Task inputs Start Marker

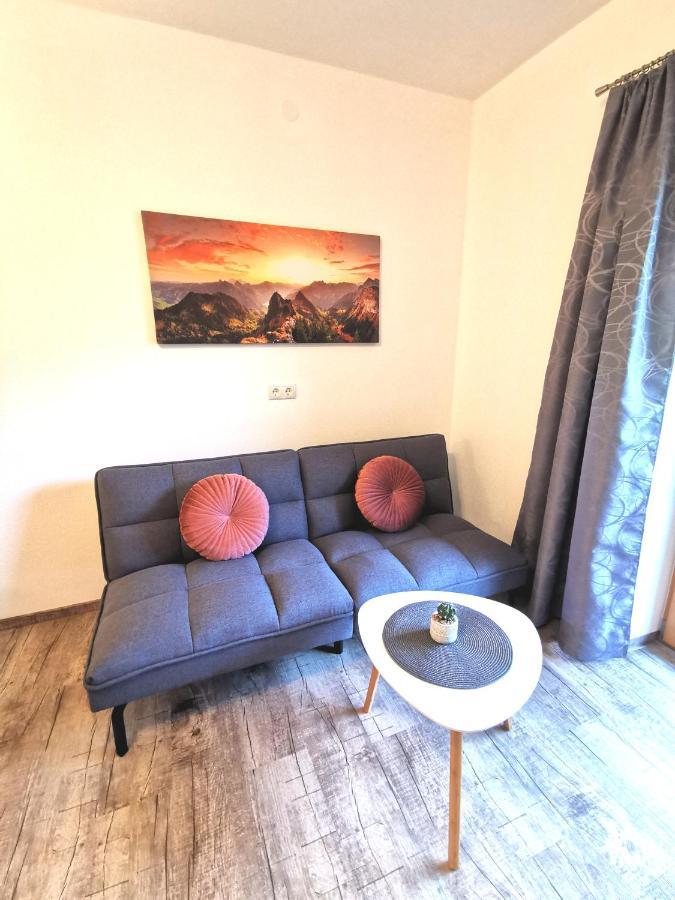 Ferienwohnung Kramerhof Ebbs Εξωτερικό φωτογραφία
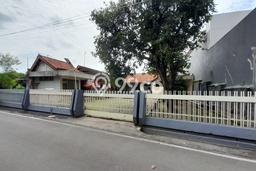 Tanah Kosong Dijual di Solo dengan Area 439m2 Tanah Kosong Dijual di Solo dengan Area 439m2
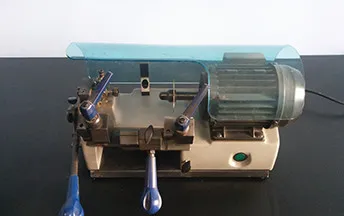 Servizio di duplicazione chiavi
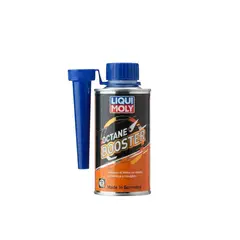 LIQUI MOLY - LIQUI MOLY  OCTANE BOOSTER - ADITIVO PARA GASOLINA POTENCIA Y RENDIMIENTO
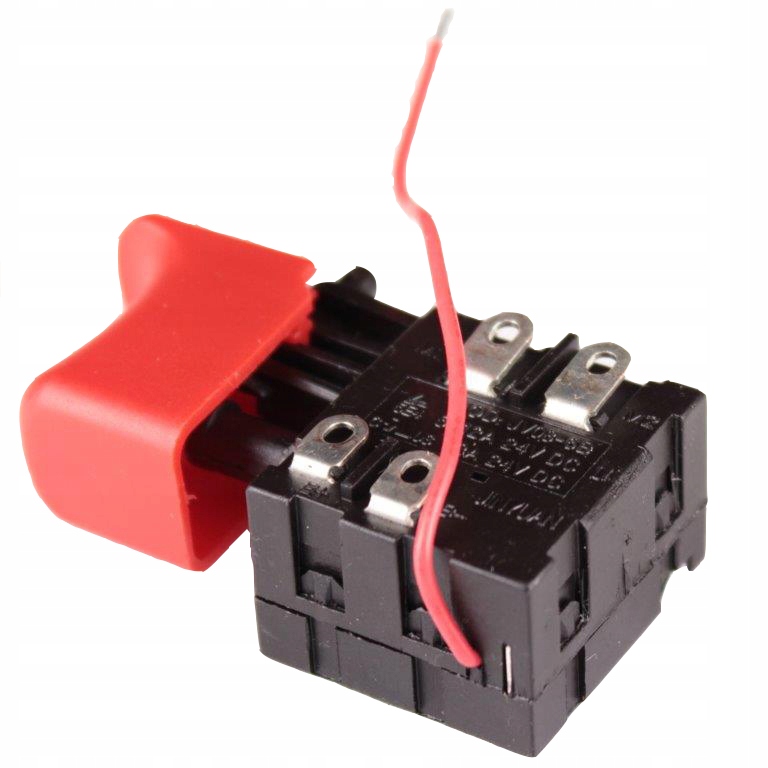 

Graphite 58G210 Włącznik Wyłącznik Wkrętarki Aku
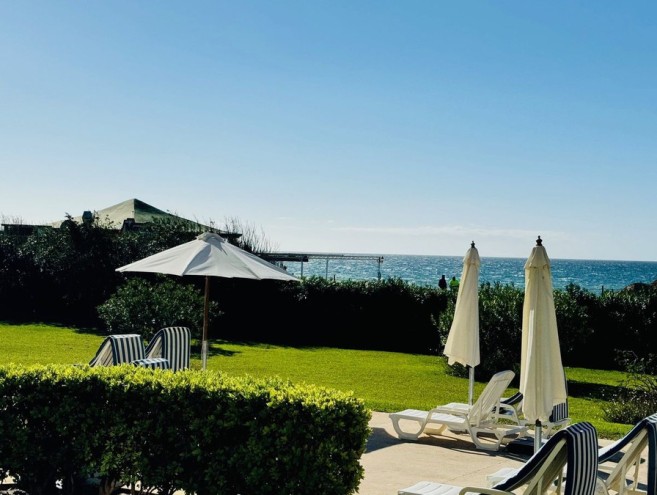 Apartamento for sale in Elviria, Marbella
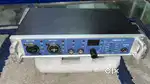 Rme fireface interface sound card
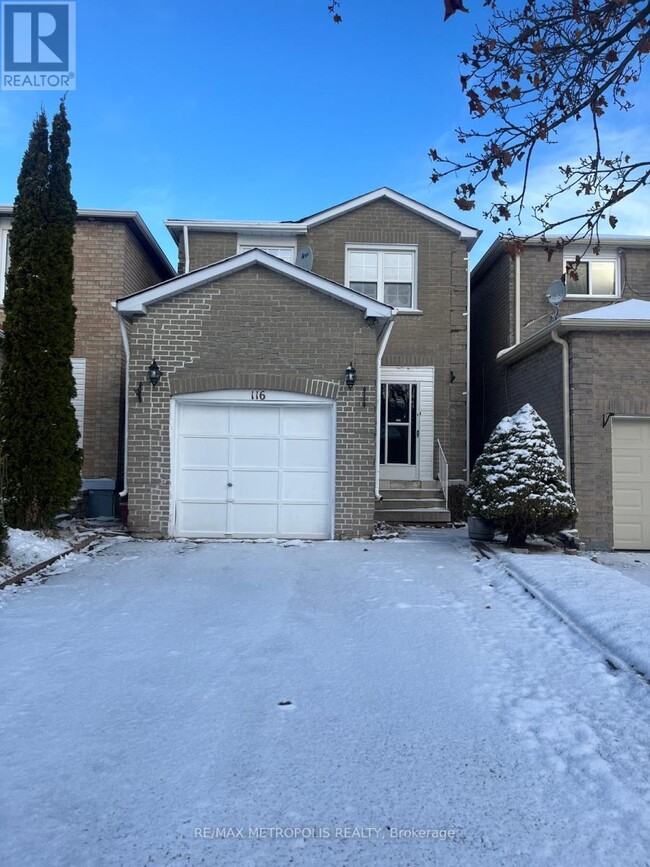 116 Douglas Haig Dr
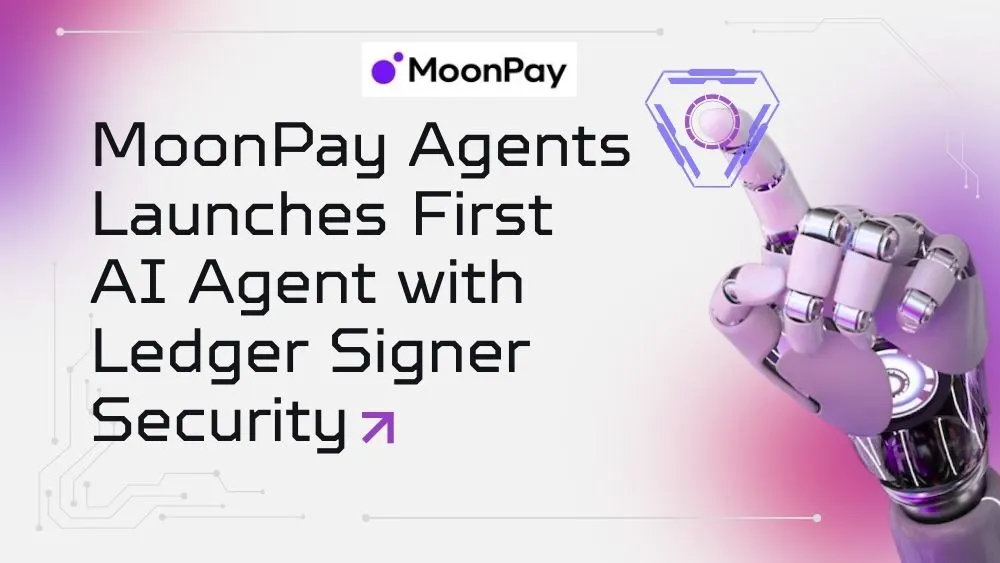 MoonPay Agents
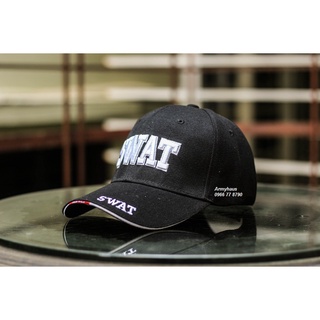 Mũ lưỡi trai SWAT
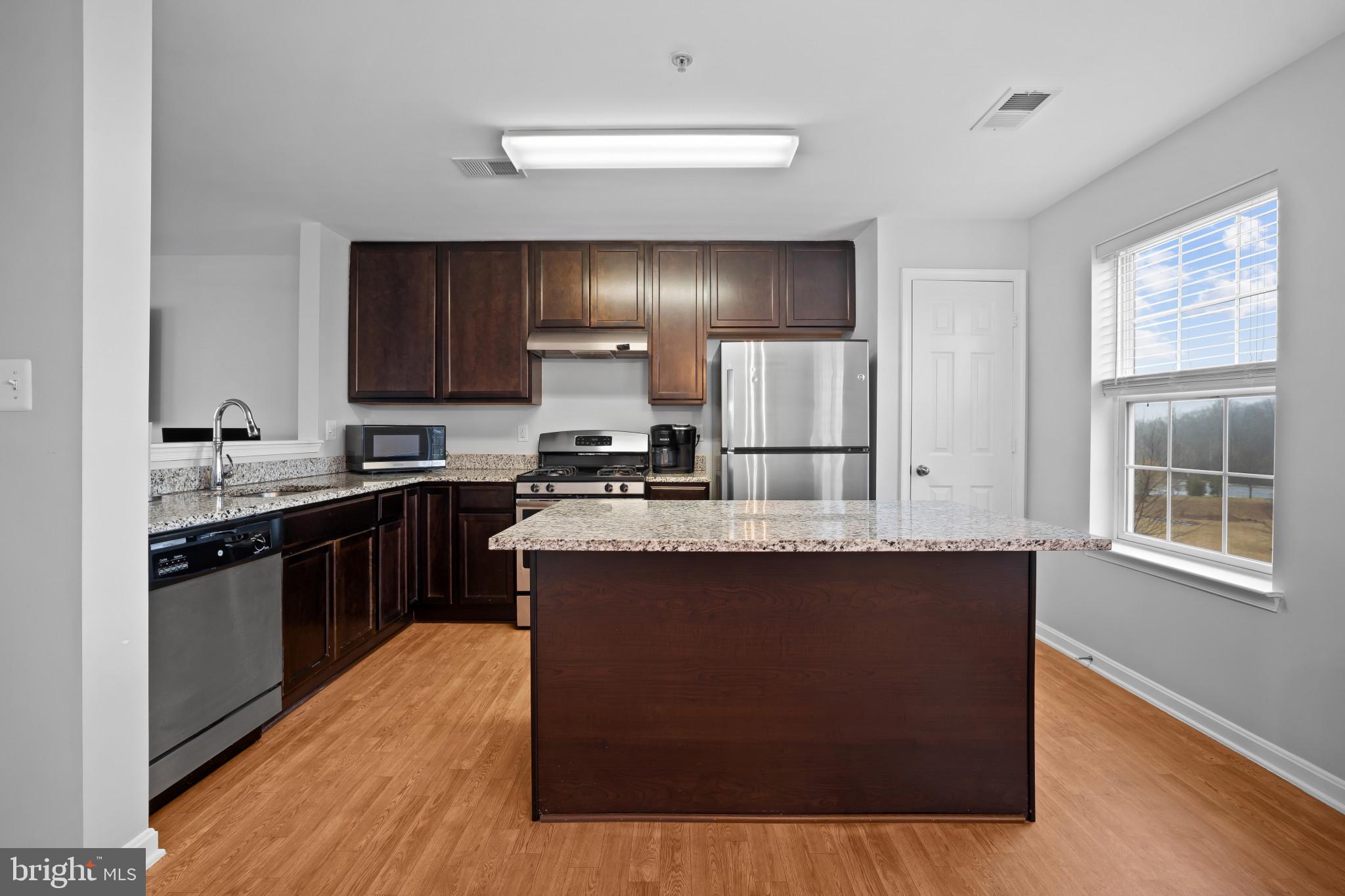 CLARKSBURG VILLAGE - Residential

Task inputs End Marker

> What you are asked to do:
From the line containing "MoonPay Agents" down to the final line of the records above, restate every line word for word, add nothing, and skip the pictures.

> Output:
 MoonPay Agents
 Mũ lưỡi trai SWAT
 CLARKSBURG VILLAGE - Residential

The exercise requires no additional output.